Против Патрокла выступает Аполлон, и Гектор поражает его ударом копья в живот. «Тут, о Патрокл, явился последний предел твоей жизни»[17] («Илиада», XVI, 787). Выражение «последний предел» могло бы стать подзаголовком вообще всей «Илиады».
Гектор будет наставлять эту охваченную безумием душу до тех пор, пока Патрокл не издаст последний вздох:
Бедный! тебя Ахиллес, несмотря что могуч, не избавил.
Верно, тебе он, идущему в битву, приказывал крепко.
(«Илиада», XVI, 837–838)
Но мы еще не насытились хюбрисом[18]. Над равниной поднимается слепая сила. Люди сменяют друг друга, сражаются войска, гибнут герои, и над всем этим царит чрезмерность, переходя от одного к другому. Она — как вирус. Как психически заразная болезнь. И на этот раз ею заразился Гектор. Сняв с Патрокла доспехи Ахиллеса, он надевает их на себя, не воздав должное погибшему.
И тогда Зевс говорит:
Ах, злополучный, душа у тебя и не чувствует смерти,
Близкой к тебе!

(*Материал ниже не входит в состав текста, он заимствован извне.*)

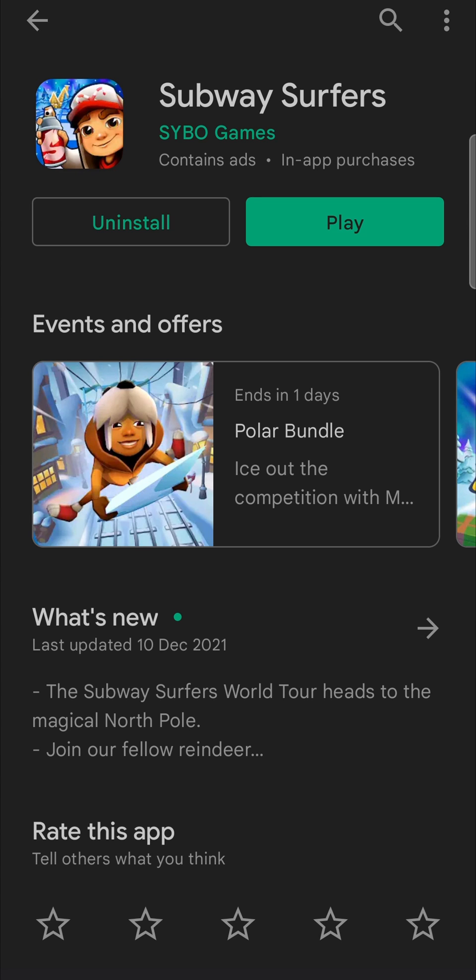All you would need to do is tap on the Update button — that will go ahead and download the update for you. Once the download has finished, it will install the update automatically and then it will change back to a Play button like it is on the screen right now. Then you can just tap on it and play Subway Surfers with the new update.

Облекаешься ты бессмертным доспехом
Сильного мужа, которого все браноносцы трепещут!
Ты умертвил у него кроткодушного, храброго друга
И доспехи героя с главы и с рамен недостойно
Сорвал [вопреки порядку вещей[19] ]!
(«Илиада», XVI, 837–838)
Важно правильно понять это обвинение: «вопреки порядку вещей». Каждый предостерегает другого от чрезмерности, чтобы не оказаться в ней виноватым. Человек патетически трогателен. Ясное понимание ситуации всегда принадлежит другому, потому что сам человек не может обладать ею по отношению к самому себе. Это мифологическая формулировка расхожей истины: «Поступайте, как я говорю поступать, но не так, как я поступаю сам».